Veteran Russian Activist Backs Travel Ban In Lawyer Case

Lyudmila Alekseyeva (file photo)

The veteran Russian rights campaigner Lyudmila Alekseyeva has backed a call by a senior U.S. senator for Washington to deny entry to a group of Russian officials over the prison death of a lawyer, RFE/RL's Russian Service reports.

In a letter to U.S. Secretary of State Hillary Clinton, Senator Ben Cardin (Democrat, Maryland), who chairs the U.S. Helsinki Commission, urged the United States to permanently revoke the visas of the 60 people implicated in the case of Sergei Magnitsky.

Magnitsky died in a Moscow jail in November 2009 after implicating several government figures in a $230 million tax-fraud case.

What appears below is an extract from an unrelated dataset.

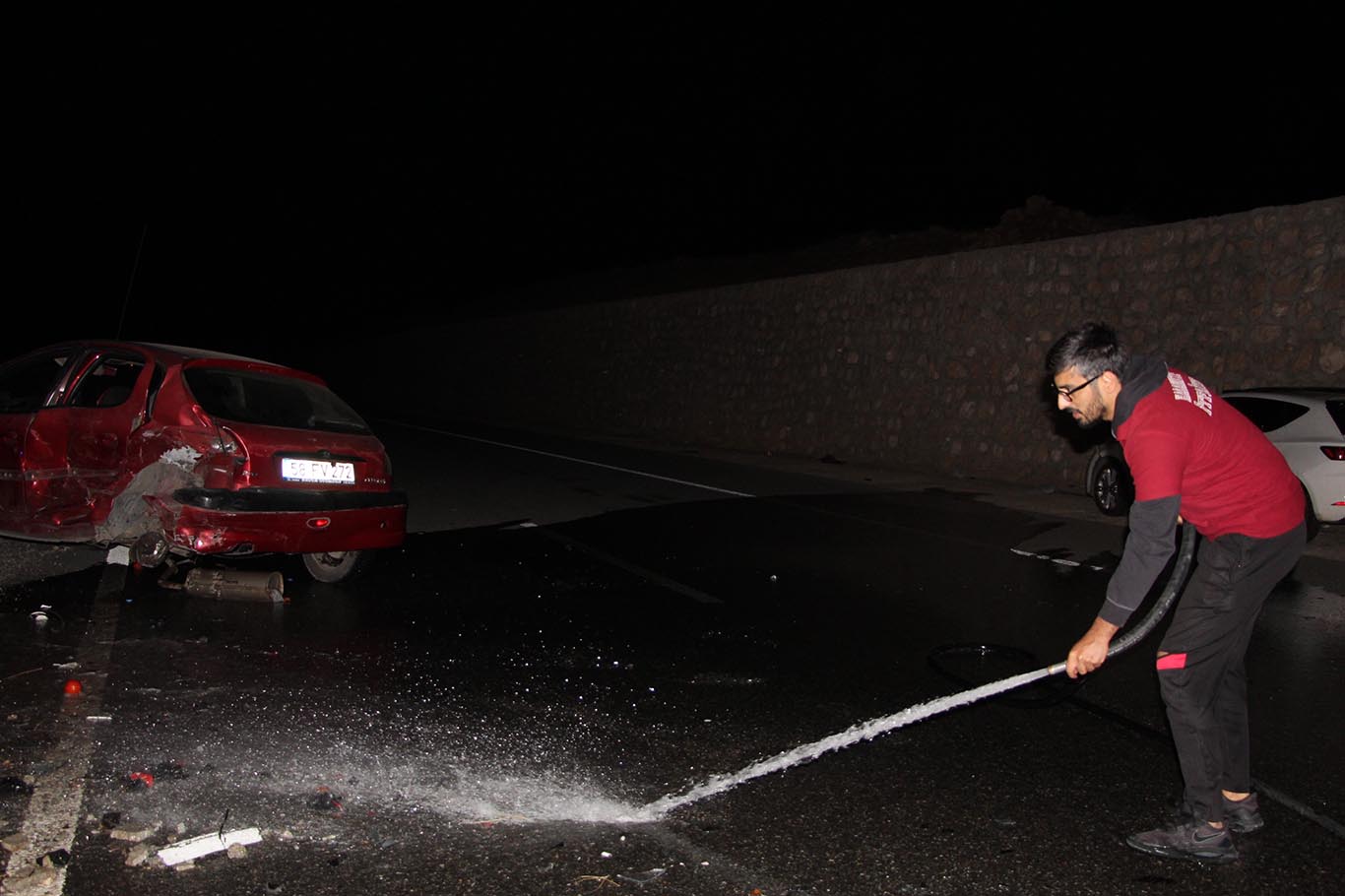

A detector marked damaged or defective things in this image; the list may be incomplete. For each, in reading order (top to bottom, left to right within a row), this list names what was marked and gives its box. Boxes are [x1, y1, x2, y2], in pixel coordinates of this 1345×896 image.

Alekseyeva, who heads the Moscow Helsinki Group, expressed support for Cardin's appeal.

She told RFE/RL that "people should know that their reputation is well-known abroad, or at least in the United States, that will prevent them from carrying out their business if they do have business there, and I think this will have an influence on the corresponding government agencies in European countries, in the European Union."

Magnitsky, a lawyer for the Hermitage Capital Management investment fund, died after spending nearly a year in pretrial detention.

Human rights activists have charged that in order to pressure Magnitsky to give false testimony, the Russian authorities kept him in solitary confinement and denied him medical care for a serious illness.

Today, Hermitage's co-founder, William Browder, called Cardin's appeal an important first step in obtaining justice for Magnitsky.

Browder told RFE/RL that despite a "mountain" of evidence implicating officials in Magnitsky's death, no one had been charged with any crime.

"If justice can't be done in Russia because it just doesn't work, it's important to see that people outside of Russia are as outraged as we are and are ready to take action," Browder said.

"So we were very happy to see the senator who focuses on human rights taking this action and we hope that other regulators and other politicians in different countries will have a similar reaction."